04 Aug 2024 12 minute read
Eluned Morgan in Strasbourg in 2006.

Luke James, Brussels

Beyond the fact that she was once the youngest member of the European Parliament, little seems to be remembered about Eluned Morgan’s time in Brussels and Strasbourg.

MEPs always struggled to inspire the same interest in their work as that enjoyed by politicians in the national arena and, post-Brexit, perhaps the role is seen as less relevant.

However, the fifteen years Morgan spent as an MEP – double her experience in the Senedd – remain important to understanding the future First Minister as both a politician and a person.

“Eluned is one hundred percent Welsh and one hundred percent international, sometimes you get one of the other” said Gareth Harding, a Welsh writer in Brussels who first got to know Morgan when they were students at Atlantic College, the specialist international sixth form based in the Vale of Glamorgan.

“She either arrived at Atlantic College speaking Spanish or very, very quickly did and made excellent friends with her Colombian roommate and people from all over the world.

“The combination of being interested in politics and being international led her very quickly to Brussels.”

European studies

After earning a degree in European studies from the University of Hull and working as a researcher in TV as well as in the European Parliament, she was elected in a Labour landslide at the 1994 European elections held just a month after the death of the then party leader John Smith.

“Everything I have done has been geared towards this,” she told the Wales on Sunday. “It all sounds very calculated and in a sense it was. But I didn’t expect to get it all at such an early age.”

Eluned Morgan at the European Parliament in
November 1996

Morgan was 27 when she arrived in Brussels to represent Mid and West Wales. “She was incredibly young, looked incredibly young, still liked to party,” remembered Harding, who was by then also working for the Labour group in Brussels. “She was 27 after all, why not.”

As well as an outgoing character, the ability of the former Ysgol Gyfun Gymraeg Glantaf student to speak multiple languages helped her make a positive first impression in Brussels.

“She had good linguistic abilities unlike some of the Brits”, said Richard Corbett, a former leader of Labour’s European group. “She could speak good French and Spanish. That meant she networked very well because she could speak to people in their own language, not just relying on English as a lingua franca.

“I think most people got on with her. I certainly did. She was lively, she would be doing the work but also joining in the social events and gatherings.”

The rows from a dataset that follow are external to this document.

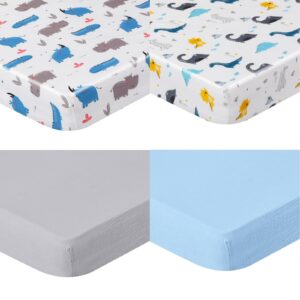 preboun 4 pieces muslin crib sheets for boys girl, fitted baby toddler bed sheets 28'' x 52'', neutral muslin cotton crib mattress sheet, soft and breathable comfort baby sheets (dinosaur, crocodile)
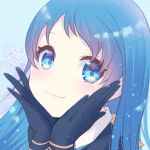  1girl bangs black_gloves blue_background blue_eyes blue_hair blush closed_mouth commentary_request dated eyebrows_visible_through_hair gloves hands_up kantai_collection long_hair looking_at_viewer samidare_(kantai_collection) signature smile solo tsukimochikuriko_(tsukimochi_k) upper_body 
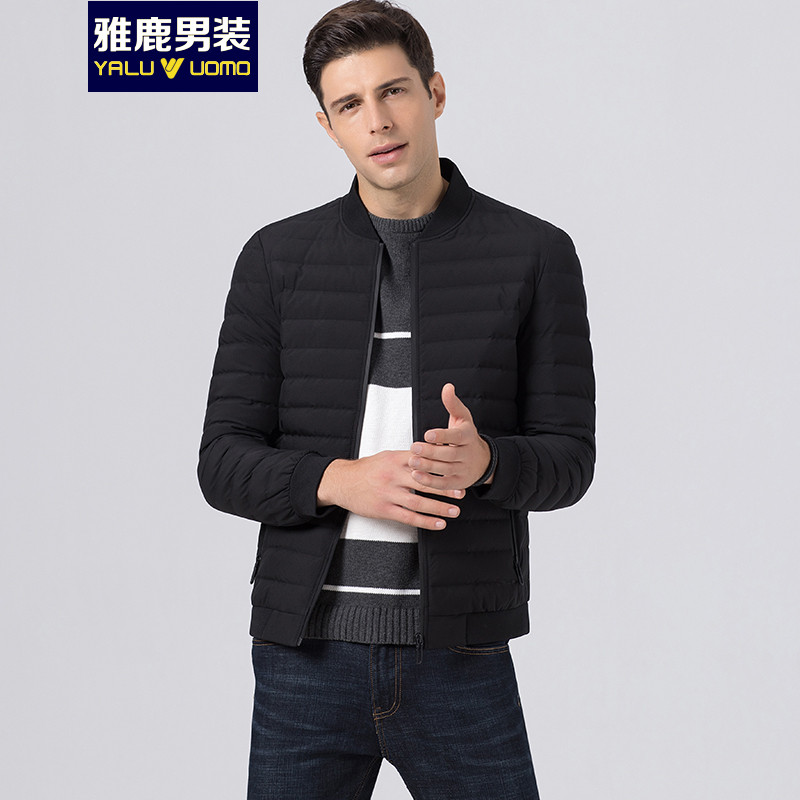 雅鹿男装新款爸爸装休闲运动款羽绒服保暖AC49EDYA18818 黑色 190/XXXL
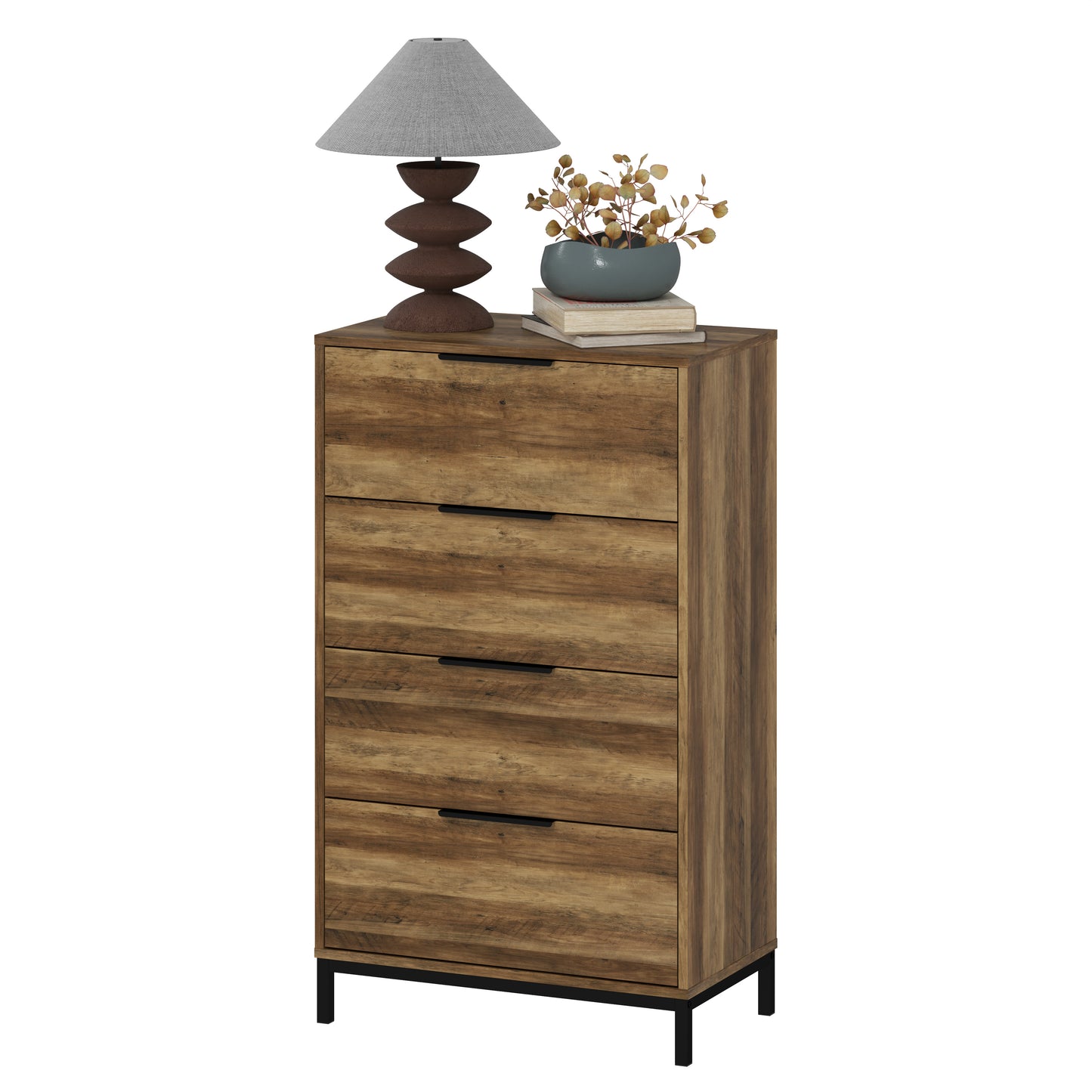 Commode HOMCOM pour chambre à coucher, tour de rangement à 4 tiroirs, commode pour couloir, entrée, placard, couleur naturelle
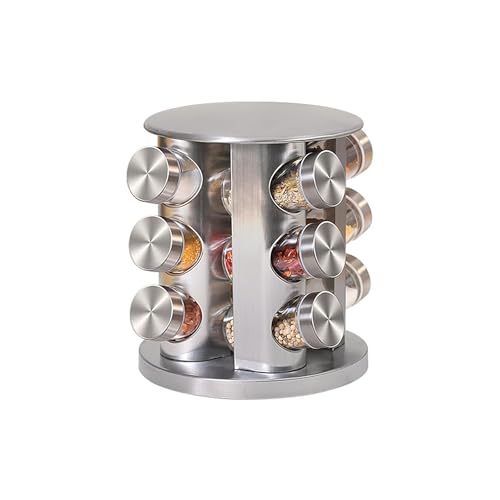 Feeling Mall Revolving Spice Tower|Round Spice Rack|Set Of 12 Spice Jars|Seasoning Storage Organization|Stainless Steel|Namak Dani|Kitchen Storage Organize - Tabletop, Tiered Shelf (B0846LLTSB) Amazon Price History, Amazon Price Tracker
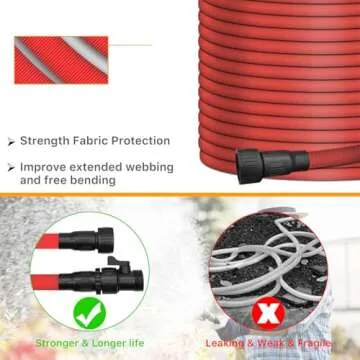 75FT Lightweight Garden Hose - 4BEE Red Water Hose for All Uses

Her age meant she was, rather predictably, initially put on the Parliament committee for culture, youth, education and the media. But she went out of her way not to be pigeon holed.

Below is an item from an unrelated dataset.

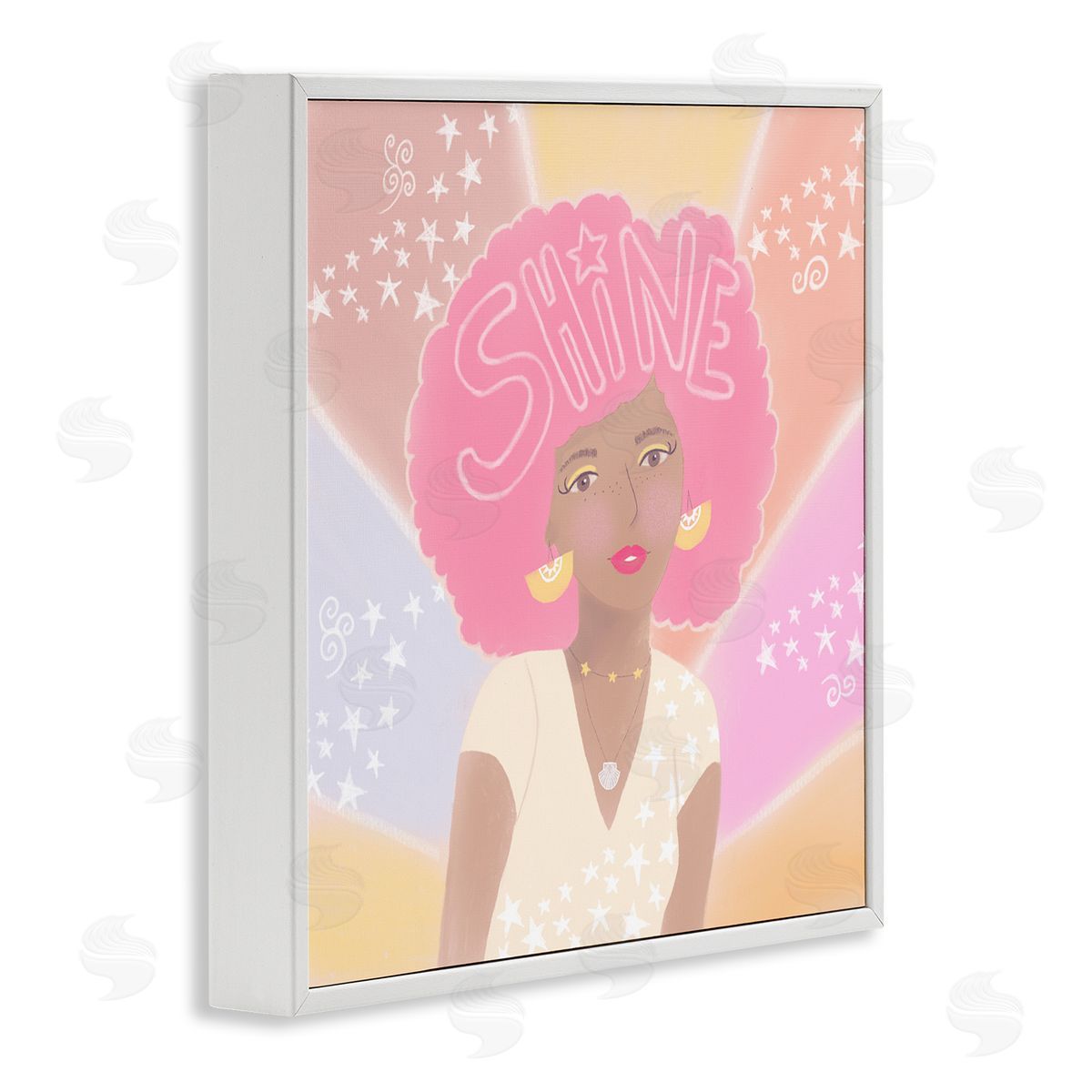Tina Devins Playful Shine Phrase Girl with Afro Rainbow Stars White Framed Glicee Wall Art Print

“I seem to remember that she realised agriculture and farming was a big thing at European level and I think she took herself off to work on a farm one summer to get firsthand knowledge, experience and connection,” said Corbett. “Everyone, from what I remember, was quite impressed by that.”

Stand out

That helped her stand out among a group of 62 Labour MPs and earn a place on Parliament’s powerful budget control committee.

“Labour at that point were the biggest group that there ever had been and ever has been in the European Parliament,” said Harding.

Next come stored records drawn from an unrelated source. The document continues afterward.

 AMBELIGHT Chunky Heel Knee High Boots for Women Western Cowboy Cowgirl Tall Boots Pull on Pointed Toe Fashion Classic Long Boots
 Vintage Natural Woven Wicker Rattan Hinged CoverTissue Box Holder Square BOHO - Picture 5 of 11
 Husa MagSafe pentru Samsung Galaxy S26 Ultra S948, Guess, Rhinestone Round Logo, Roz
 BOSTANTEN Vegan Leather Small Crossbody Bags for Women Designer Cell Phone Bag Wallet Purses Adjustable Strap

“Even then, she stood out and not just because she was young. She was hardworking. She was on the budget committee, which was a tough and important committee.

“It’s one of those ones where unlike, say, the foreign affairs committee, you’re not just making student statements, you’re holding to account the EU budget of currently 170 Billion and doing hard forensic work.”

Morgan’s work on that committee means she has some experience when it comes to dealing with a high profile resignation caused by a scandal.

She was still in her first term as a member of the European Parliament in March 1999 when, for the first and so far only time, the European Commission – including then Transport Commissioner Neil Kinnock – resigned en masse amid allegations of financial mismanagement and fraud.

Morgan played a part in the dramatic events as a member of the committee which scrutinised allegations centred on French Commissioner Edith Cresson, who was accused of awarding lucrative foreign aid contracts to her local dentist.

And, after being returned to represent the new Wales-wide constituency at the European elections of 1999, she was made the Socialist group coordinator on the budget control committee, which was now charged with holding the Commission to their promises of reform.

“She and I both realised that as long as reporting about Europe was dominated by fraud, corruption, waste and inefficiency, that was a huge stumbling block to getting people to support the process of European integration overall,” said Michiel van Hulten, then an MEP for the Dutch Labour party and former director of Transparency International EU.

“It gave Brussels a bad name, it gave the EU a bad name. So, addressing those issues was necessary in order to be able to make progress in policy areas like the environment, social policy or employment that were so important to us, and still are, as socialists.”

MEP Eluned Morgan at the European Parliament in Strasbourg. Photo © Communautés européennes 1994

Named and shamed

Morgan used her position to campaign against the “scandalous” waste of taxpayers’ money involved in moving meetings between Brussels and Strasbourg, tried to tighten rules on benefits for EU officials and MEPs, and called for people who misused EU funds to be named and shamed.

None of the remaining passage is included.